Javon Tingler from Herman L. Horn said that his great-great-grandfather fought in World War II and his Uncle Willie has served in the United States Air Force. “It’s an honor to raise the flags at school,” Tingler said.
Caleb Wrye from HLH said that being a member of the flag detail is “a way to honor those who have fallen in war.”
Sgt. Caldwell said administrators at each school have welcomed his work with the flag teams and facilitating the program in addition to his other duties at the schools. He stops by the schools most days; checks in with the office to see if anything is needed; walks through the hallways and stops and chats with students and staff.
Caldwell teaches flag detail students the technicalities of how to fold, unfold, attach, raise, and lower the flags; he has provided a great deal of information on flag etiquette:
- The flags go up briskly and are lowered slowly.
- The American flag always goes on top; no flag can be flown higher.
- When flags are flown at half-staff, the American flag is raised to full height and then lowered to half-staff.
- It is the custom to display the American flag only from sunrise to sunset, however, the flag may be displayed twenty-four hours a day if properly illuminated during the hours of darkness.
- When the flag is lowered, no part of it should touch the ground; it should be received by waiting hands and arms.
- To store the flag, it should be folded neatly and ceremoniously.
- When a flag becomes damaged, tattered, and torn, it should be officially retired.
Caldwell also likes to teach some history while students are working with the flags:
- The colors of the flag have meaning. White stands for purity; red for bravery; blue for loyalty, vigilance, devotion, and justice.

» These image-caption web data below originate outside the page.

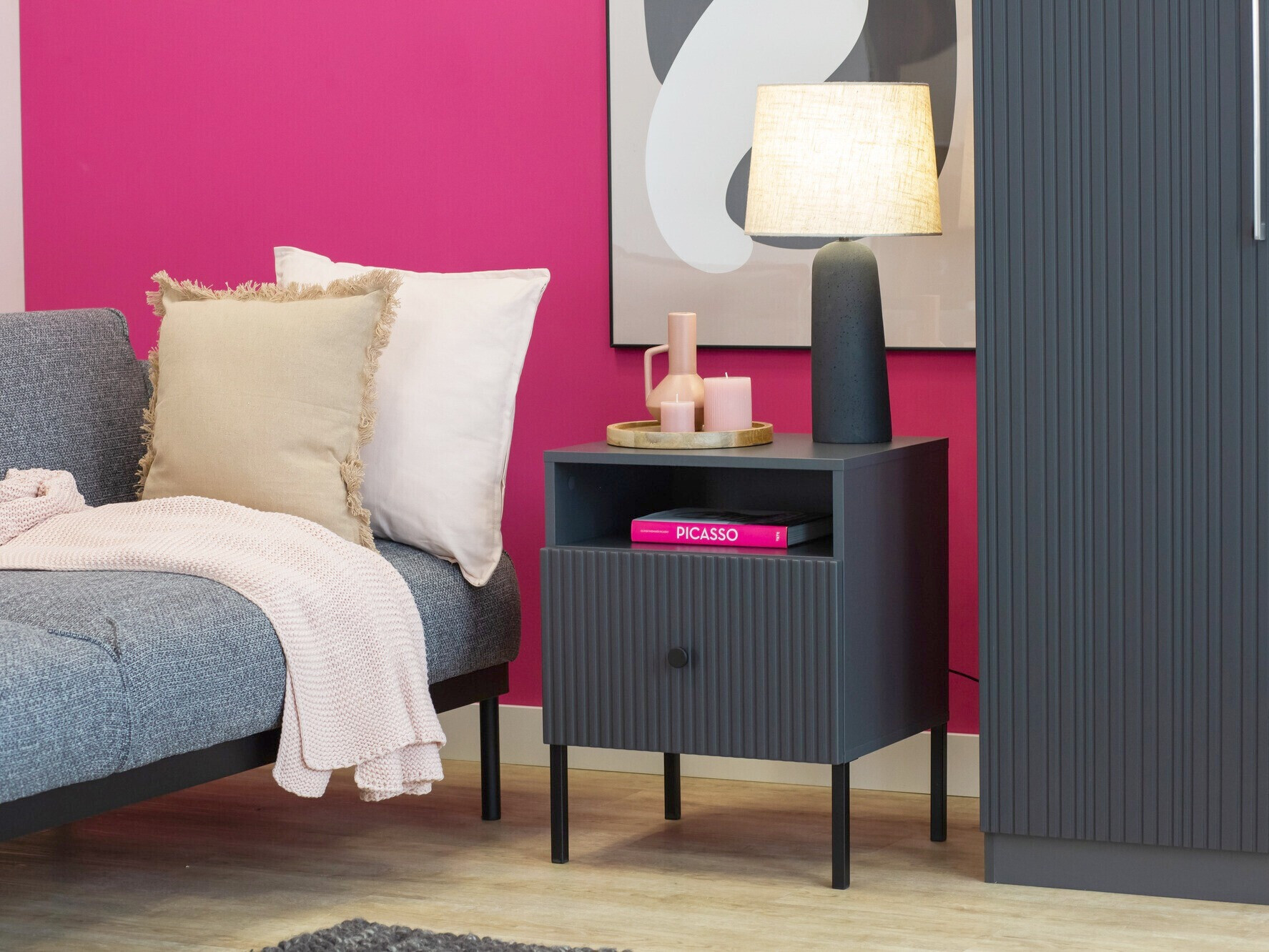 Naktinis staliukas Etliva 106 (Antracitas)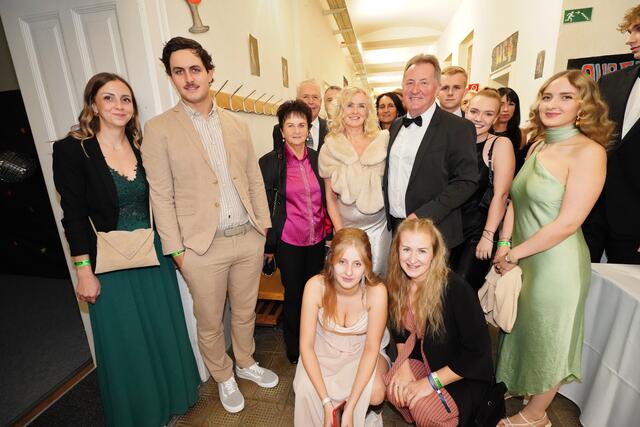 NR Johann Weber mit Familie.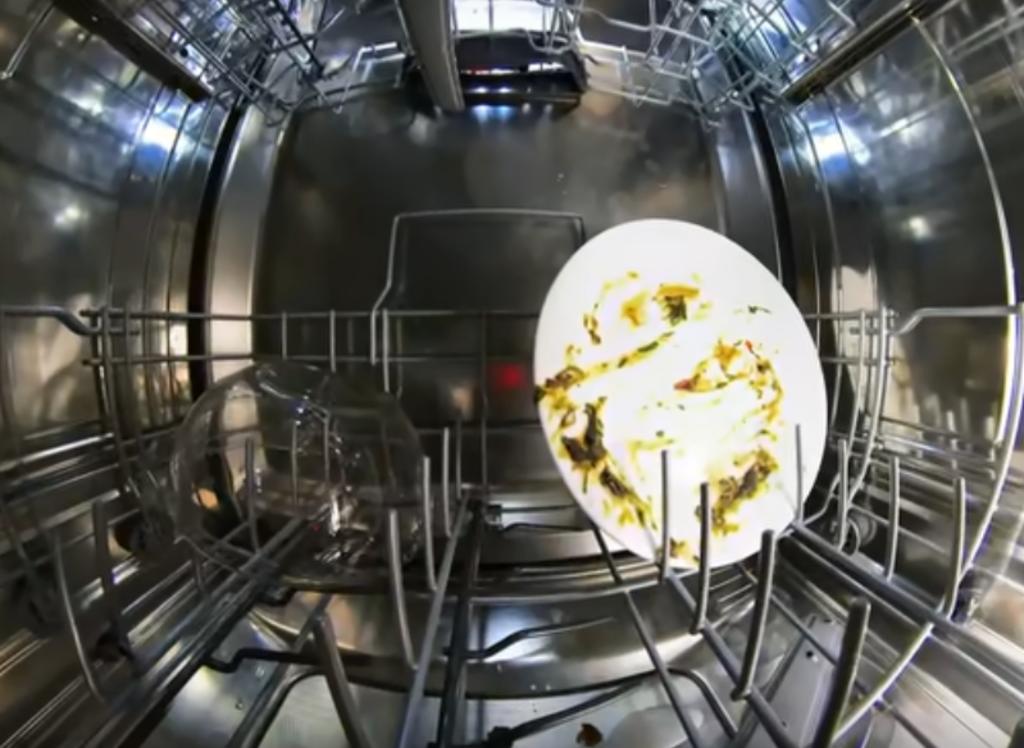 Video muestra cómo funciona un lavavajillas desde dentro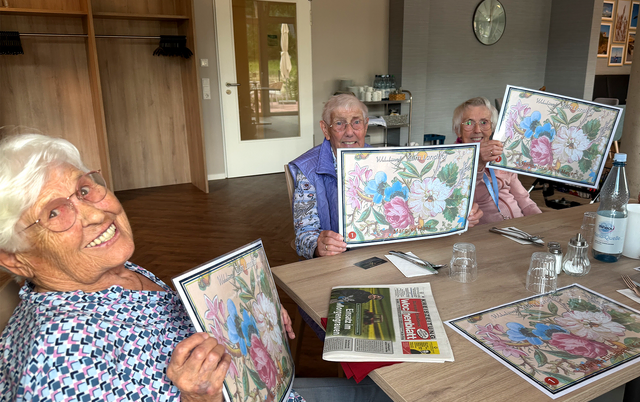 Willkommen am eigenen Tisch – drei Bewohnerinnen in Vosshusen zeigen, was das Zuhause-Gefühl ausmacht – und das WOCHENBLATT gehört natürlich dazu | Foto: tml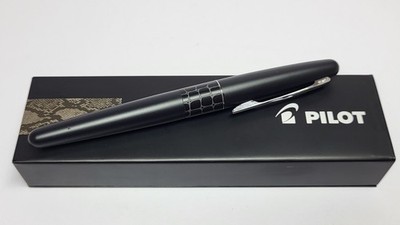 Vintage PILOT Metropolitan Black Crocodile Matte FOUNTAIN PEN with Original Case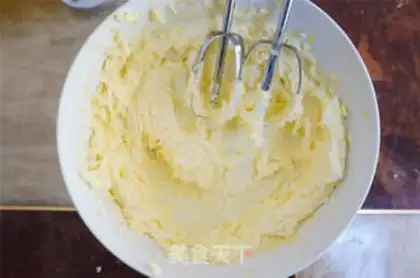 Make Gold coconut ball step 4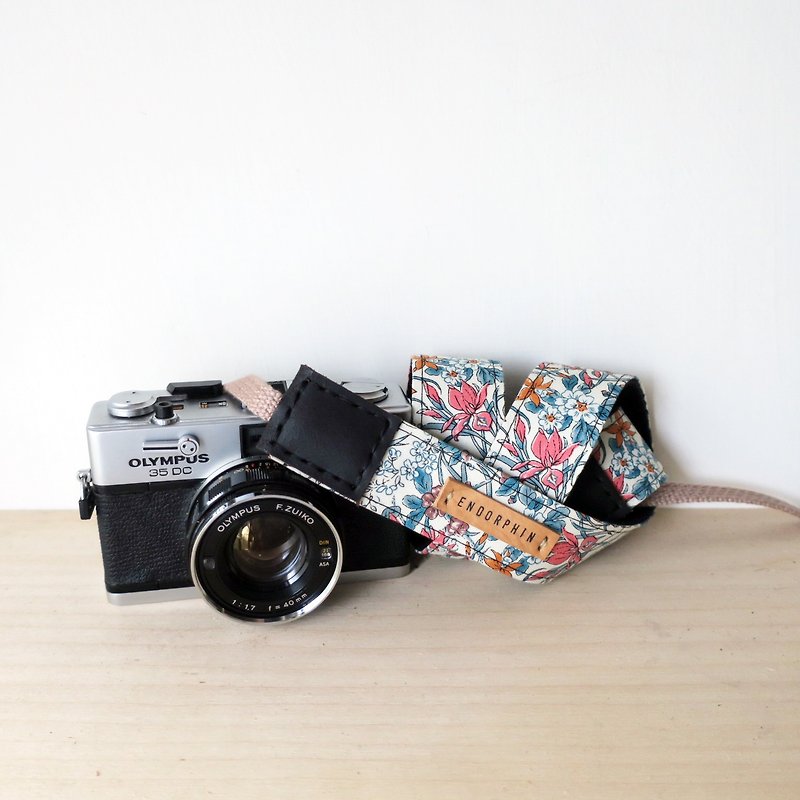 ENDORPHIN handmade camera strap (garden collection -summer breeze) - ID & Badge Holders - Other Materials Blue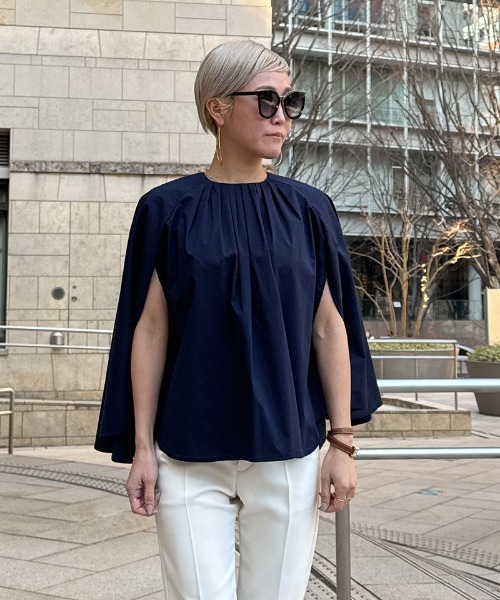 JENNE(ジェンヌ)の「スタイルカバーケープ風トップス(Tシャツ/カットソー・レディース・ネイビー/ホワイト・SMALL/MEDIUM/LARGE)」の11枚目の写真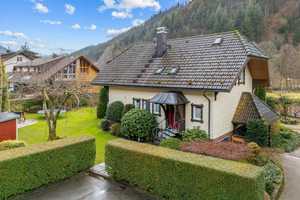 Fantastisches Familiendomizil: 2 EFH mit Garage, Carport u. wunderschönen Garten in 79263 Simonswald – Emmendingen (Kreis) – Vorschaubild 6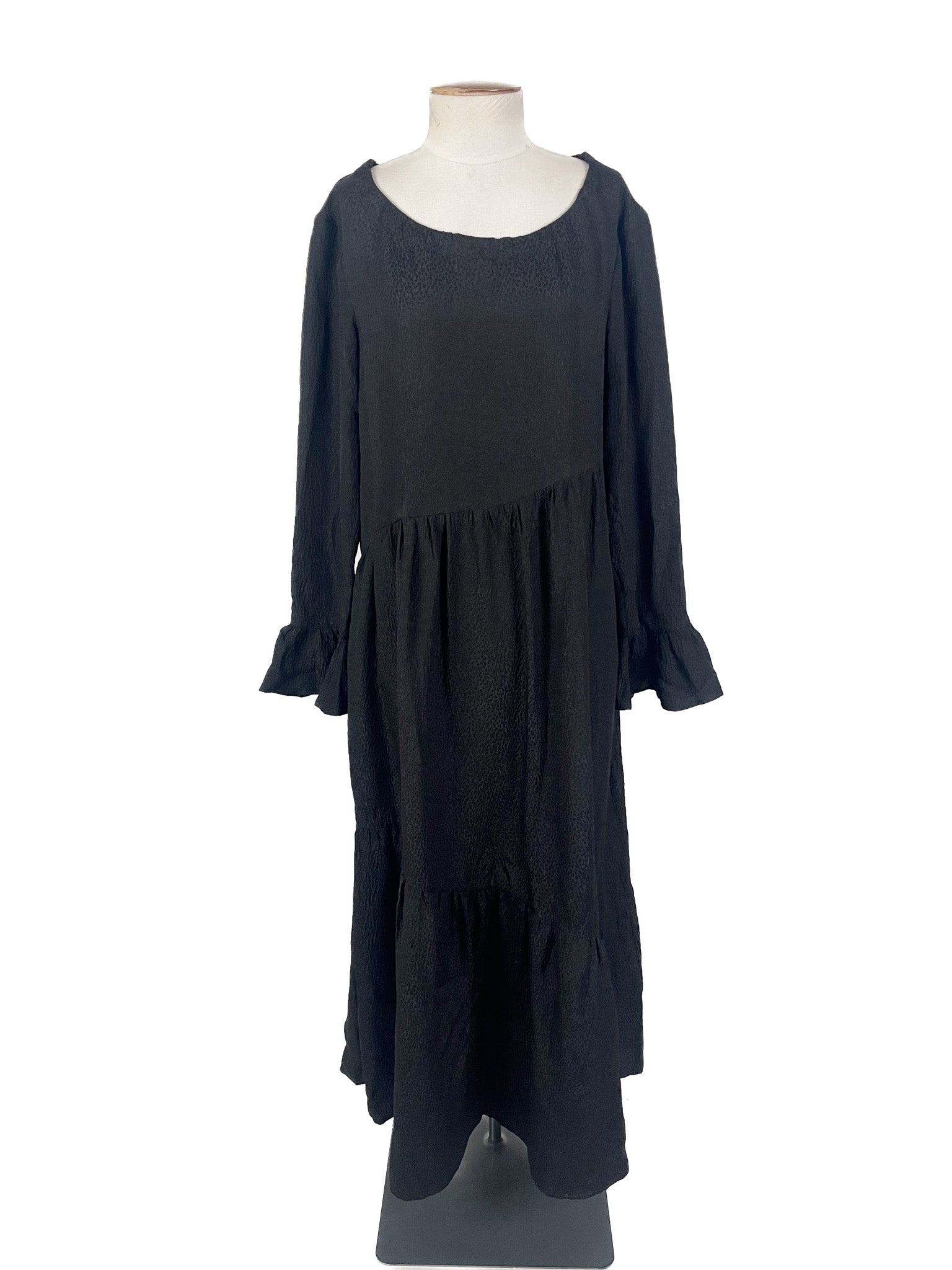 Marle - Black Maxi Dress (Size 6)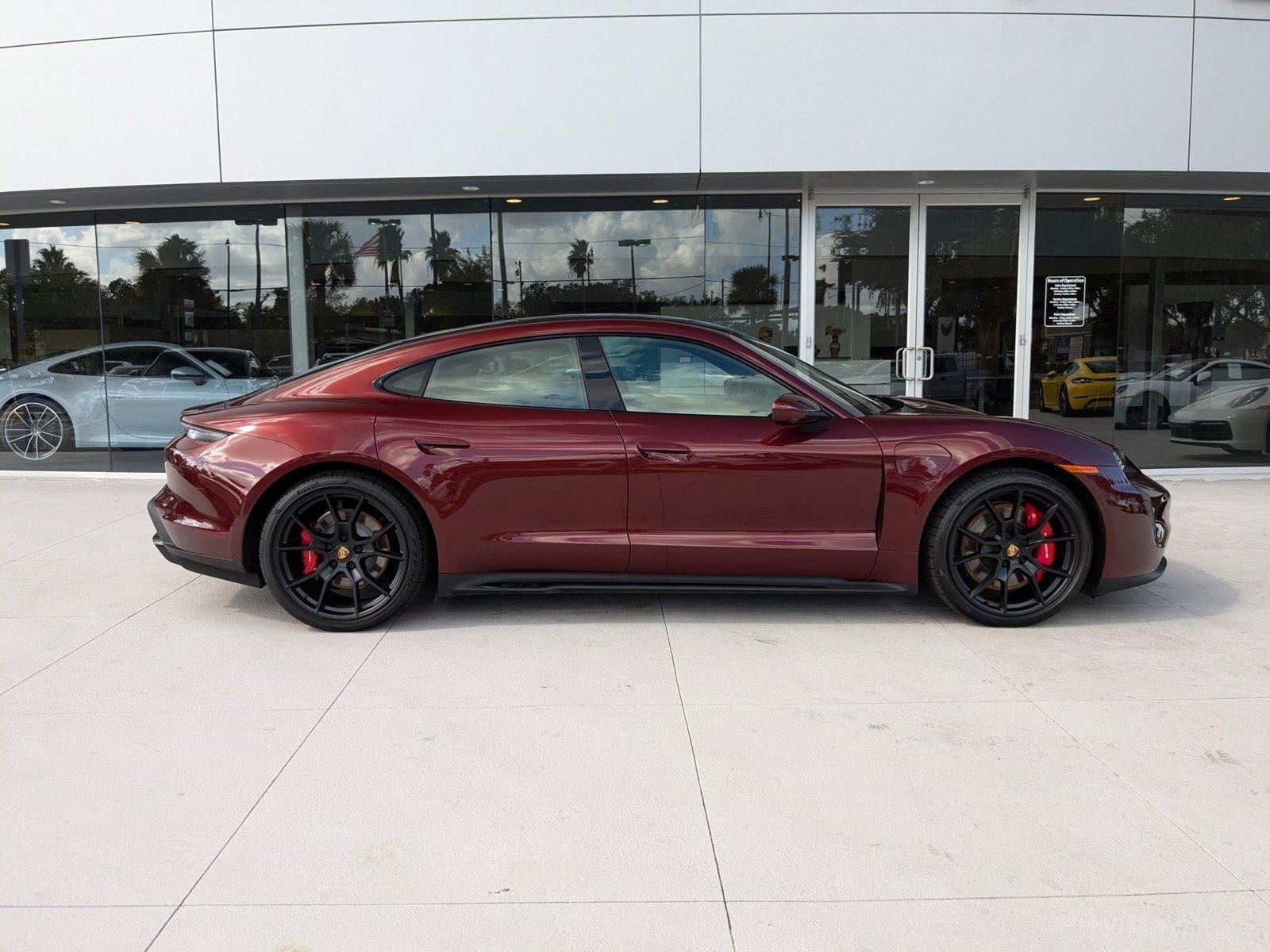 2022 Porsche Taycan GTS AWD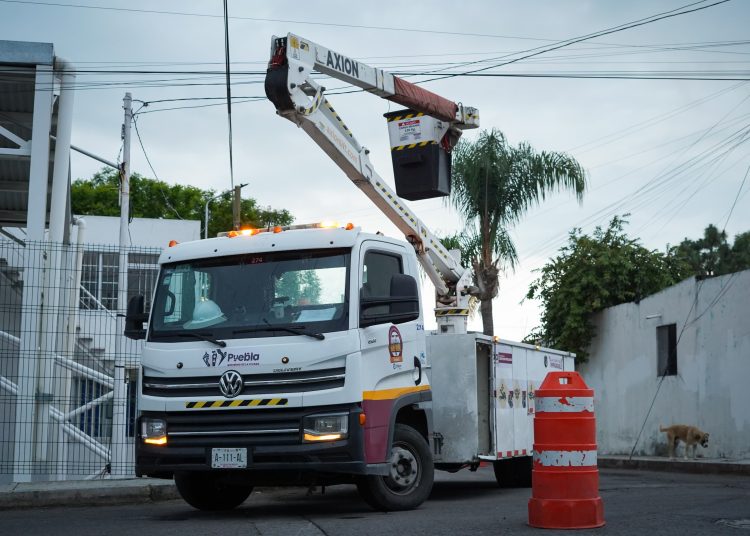 Impulsa Gobierno de la Ciudad aplicación Puebla Brilla para reportes de alumbrado público
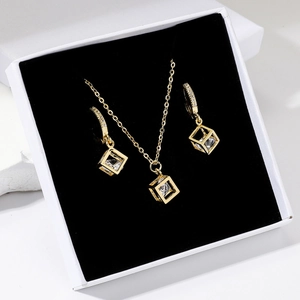 Halskette und Ohrringe Set mit geometrischen Zirkonia-Würfeln, 18K Gold beschichtet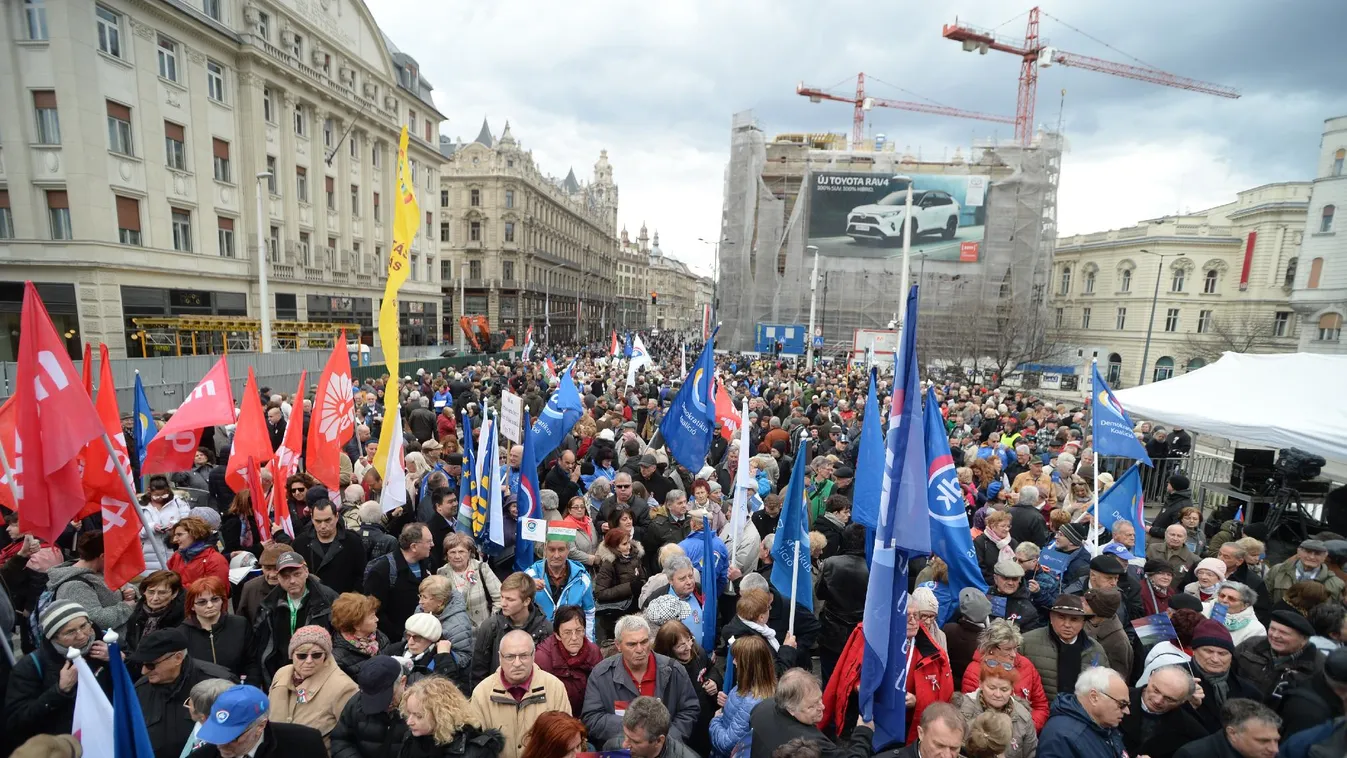 Ellenzéki megmozdulások Budapesten – Lapzárta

- The stripes in the American flag stand for the thirteen original colonies; the 50 stars for the 50 states.
- When folding the United States flag there are 13 folds, one for each of the original colonies. When the flag is completely folded, no red is showing. The 13 red and white stripes represent the original colonies, but also the rays of the sun, so when the flag is folded in the evenings after being lowered, the light is being put away into darkness, leaving a field of blue with bright white stars.
- The nickname for the flag is “Old Glory.”
- The flag is folded in a triangular or tricuspid shape, like the tricuspid hats worn by George Washington and the other Patriots in the American Revolution.